Godot 3.x rendering performance in Wrought Flesh. And other interesting things.
TL;DR of this article is: I wasn’t able to find out why Wrought Flesh lags, but it’s definitely not because of Rendering / Shaders / GPU. Although it doesn’t give a definitive answer, the article can still be considered useful. I am currently working on another Wrought Flesh performance article, expect updates.
A recent Reddit post regarding 3D performance in Godot piqued my interest https://www.reddit.com/r/godot/comments/18oknv5/is_godots_3d_performance_always_this_bad_or_was/ . Most of the answers were actually regarding the graphics performance, and how Godot 3 is much worse than Godot 4 in that regard. None of the answers had any definitive conclusions, so I decided to take a look myself. It’s strongly recommended to check the post and the comments before reading the article.
Disclaimer[s]:
1 — All of the info was gathered solely for the educational purposes. I am not promoting data mining or reverse engineering of any kind.

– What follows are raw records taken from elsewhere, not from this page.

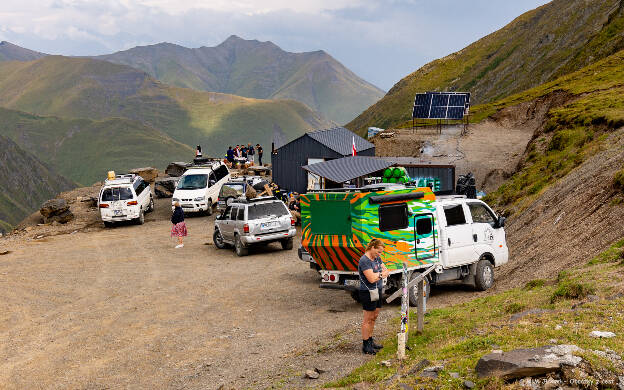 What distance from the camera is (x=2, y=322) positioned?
47.2 ft

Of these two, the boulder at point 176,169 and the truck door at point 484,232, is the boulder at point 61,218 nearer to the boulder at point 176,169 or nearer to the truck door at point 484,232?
the boulder at point 176,169

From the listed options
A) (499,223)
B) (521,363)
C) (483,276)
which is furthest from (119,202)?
(521,363)

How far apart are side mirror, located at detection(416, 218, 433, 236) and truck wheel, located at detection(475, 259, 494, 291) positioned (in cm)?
189

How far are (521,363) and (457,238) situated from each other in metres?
7.89

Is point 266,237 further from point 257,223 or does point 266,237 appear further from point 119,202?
point 119,202

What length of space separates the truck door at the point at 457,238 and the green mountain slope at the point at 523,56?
185ft

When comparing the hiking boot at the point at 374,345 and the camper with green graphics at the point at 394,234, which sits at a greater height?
the camper with green graphics at the point at 394,234

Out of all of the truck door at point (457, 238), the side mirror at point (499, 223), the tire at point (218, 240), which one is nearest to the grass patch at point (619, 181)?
the side mirror at point (499, 223)

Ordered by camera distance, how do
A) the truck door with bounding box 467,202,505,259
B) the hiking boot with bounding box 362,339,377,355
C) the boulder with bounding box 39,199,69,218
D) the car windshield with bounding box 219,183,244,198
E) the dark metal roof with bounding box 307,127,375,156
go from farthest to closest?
the dark metal roof with bounding box 307,127,375,156, the boulder with bounding box 39,199,69,218, the car windshield with bounding box 219,183,244,198, the truck door with bounding box 467,202,505,259, the hiking boot with bounding box 362,339,377,355

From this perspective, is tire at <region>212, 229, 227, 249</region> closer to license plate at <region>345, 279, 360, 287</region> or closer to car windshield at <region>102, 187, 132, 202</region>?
car windshield at <region>102, 187, 132, 202</region>

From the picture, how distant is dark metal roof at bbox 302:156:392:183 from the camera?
87.1 ft

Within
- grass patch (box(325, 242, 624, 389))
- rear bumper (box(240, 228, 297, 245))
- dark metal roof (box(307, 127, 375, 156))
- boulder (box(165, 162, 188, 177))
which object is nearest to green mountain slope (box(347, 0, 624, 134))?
dark metal roof (box(307, 127, 375, 156))

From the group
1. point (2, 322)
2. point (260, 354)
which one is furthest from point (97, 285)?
point (260, 354)

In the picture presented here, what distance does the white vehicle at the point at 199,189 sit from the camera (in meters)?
32.8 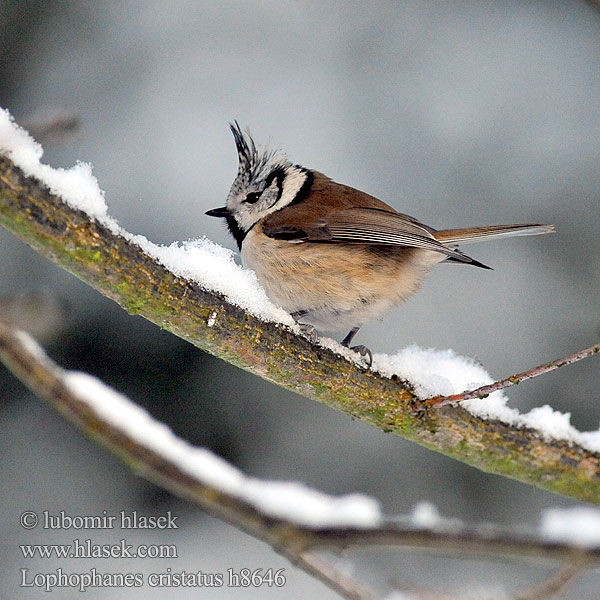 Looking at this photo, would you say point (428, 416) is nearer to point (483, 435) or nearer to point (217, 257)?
point (483, 435)

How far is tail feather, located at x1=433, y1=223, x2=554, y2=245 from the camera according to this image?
11.5 feet

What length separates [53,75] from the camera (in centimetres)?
496

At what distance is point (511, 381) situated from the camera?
2326 mm

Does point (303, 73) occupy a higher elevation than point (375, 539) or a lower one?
higher

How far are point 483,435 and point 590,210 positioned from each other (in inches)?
112

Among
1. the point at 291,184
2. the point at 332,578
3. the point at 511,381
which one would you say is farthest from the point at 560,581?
the point at 291,184

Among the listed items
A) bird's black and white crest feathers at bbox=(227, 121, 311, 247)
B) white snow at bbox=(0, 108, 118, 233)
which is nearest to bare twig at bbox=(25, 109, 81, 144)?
white snow at bbox=(0, 108, 118, 233)

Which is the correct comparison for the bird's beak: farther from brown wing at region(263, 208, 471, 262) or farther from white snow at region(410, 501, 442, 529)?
white snow at region(410, 501, 442, 529)

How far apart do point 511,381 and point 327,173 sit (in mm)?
3034

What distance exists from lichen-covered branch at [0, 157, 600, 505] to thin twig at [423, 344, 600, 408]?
0.10 metres

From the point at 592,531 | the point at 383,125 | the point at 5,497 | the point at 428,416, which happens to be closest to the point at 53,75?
the point at 383,125

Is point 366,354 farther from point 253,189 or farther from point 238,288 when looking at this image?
point 253,189

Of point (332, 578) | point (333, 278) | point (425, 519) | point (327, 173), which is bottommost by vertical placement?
point (332, 578)

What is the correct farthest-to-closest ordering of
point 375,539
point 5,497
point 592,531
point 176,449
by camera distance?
point 5,497, point 592,531, point 176,449, point 375,539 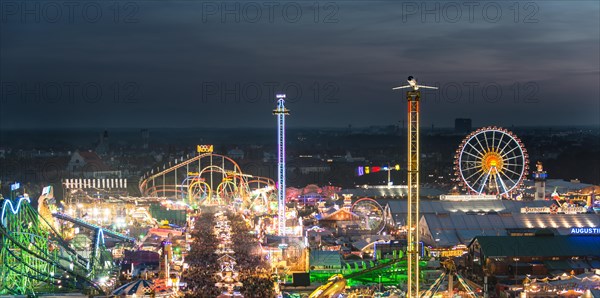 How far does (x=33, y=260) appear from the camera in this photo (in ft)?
75.7

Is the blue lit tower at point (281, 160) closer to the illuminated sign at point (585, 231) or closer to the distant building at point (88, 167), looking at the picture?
the illuminated sign at point (585, 231)

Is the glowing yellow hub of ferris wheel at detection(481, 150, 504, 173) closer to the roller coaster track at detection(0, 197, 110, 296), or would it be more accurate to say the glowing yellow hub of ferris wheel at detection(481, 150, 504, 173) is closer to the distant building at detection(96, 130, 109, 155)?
the roller coaster track at detection(0, 197, 110, 296)

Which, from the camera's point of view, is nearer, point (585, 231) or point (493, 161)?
point (585, 231)

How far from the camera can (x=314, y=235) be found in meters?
33.2

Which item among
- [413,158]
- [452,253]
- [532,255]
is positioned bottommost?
[452,253]

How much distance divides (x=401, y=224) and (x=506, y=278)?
11.1 metres

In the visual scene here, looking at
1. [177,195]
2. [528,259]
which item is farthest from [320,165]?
[528,259]

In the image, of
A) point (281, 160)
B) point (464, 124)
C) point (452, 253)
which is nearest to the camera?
point (452, 253)

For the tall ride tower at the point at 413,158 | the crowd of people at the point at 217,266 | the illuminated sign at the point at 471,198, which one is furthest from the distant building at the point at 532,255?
the illuminated sign at the point at 471,198

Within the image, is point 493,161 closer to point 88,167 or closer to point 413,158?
point 413,158

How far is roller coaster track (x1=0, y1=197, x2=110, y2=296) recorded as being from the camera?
20.8 meters

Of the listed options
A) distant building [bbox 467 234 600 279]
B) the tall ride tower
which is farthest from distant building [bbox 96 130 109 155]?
the tall ride tower

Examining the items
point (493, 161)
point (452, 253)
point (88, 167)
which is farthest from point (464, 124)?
point (452, 253)

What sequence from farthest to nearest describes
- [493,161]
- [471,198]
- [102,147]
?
[102,147] < [493,161] < [471,198]
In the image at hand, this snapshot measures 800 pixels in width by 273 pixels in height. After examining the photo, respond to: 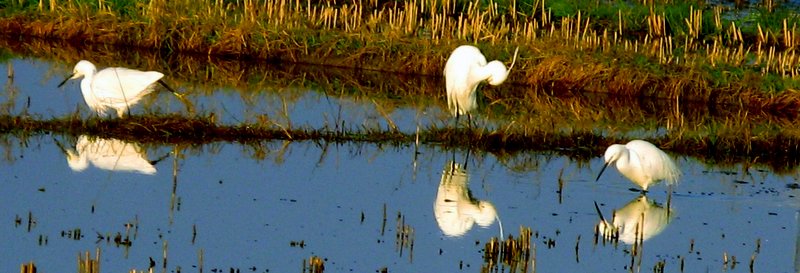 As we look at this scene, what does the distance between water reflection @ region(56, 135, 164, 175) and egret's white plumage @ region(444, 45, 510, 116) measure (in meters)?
3.28

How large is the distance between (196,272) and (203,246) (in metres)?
0.79

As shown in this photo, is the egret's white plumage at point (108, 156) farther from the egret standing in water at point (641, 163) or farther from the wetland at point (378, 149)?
the egret standing in water at point (641, 163)

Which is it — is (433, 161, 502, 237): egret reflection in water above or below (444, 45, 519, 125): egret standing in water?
below

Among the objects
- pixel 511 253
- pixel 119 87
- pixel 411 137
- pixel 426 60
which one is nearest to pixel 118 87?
pixel 119 87

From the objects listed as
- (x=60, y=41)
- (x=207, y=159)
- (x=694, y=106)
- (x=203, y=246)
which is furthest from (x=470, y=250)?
(x=60, y=41)

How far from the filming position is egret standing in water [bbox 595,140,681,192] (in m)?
11.0

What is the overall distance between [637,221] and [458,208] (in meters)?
1.27

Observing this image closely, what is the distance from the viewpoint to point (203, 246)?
9023 millimetres

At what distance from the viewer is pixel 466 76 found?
13.9 metres

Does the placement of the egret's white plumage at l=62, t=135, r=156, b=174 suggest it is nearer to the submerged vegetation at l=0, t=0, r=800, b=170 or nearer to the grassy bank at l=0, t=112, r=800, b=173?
the grassy bank at l=0, t=112, r=800, b=173

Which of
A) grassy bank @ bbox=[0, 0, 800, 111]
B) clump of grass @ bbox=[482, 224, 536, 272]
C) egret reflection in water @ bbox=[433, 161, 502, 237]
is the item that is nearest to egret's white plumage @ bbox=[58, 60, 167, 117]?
egret reflection in water @ bbox=[433, 161, 502, 237]

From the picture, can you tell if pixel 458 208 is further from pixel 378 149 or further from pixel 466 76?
pixel 466 76

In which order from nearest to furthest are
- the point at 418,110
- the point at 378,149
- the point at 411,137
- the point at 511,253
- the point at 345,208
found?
1. the point at 511,253
2. the point at 345,208
3. the point at 378,149
4. the point at 411,137
5. the point at 418,110

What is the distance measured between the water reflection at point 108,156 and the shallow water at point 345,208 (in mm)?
25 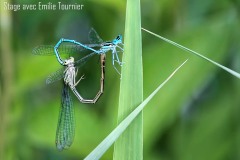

2 — This post has nothing to do with Wrought Flesh specifically. Developing and releasing a game takes a lot of dedication, time and skill. I fully respect the work behind this game and have no intention of mocking any of the project decisions. The whole purpose of this little profiling project was to check for potential pitfalls, and see what could be done differently in the future to mitigate them.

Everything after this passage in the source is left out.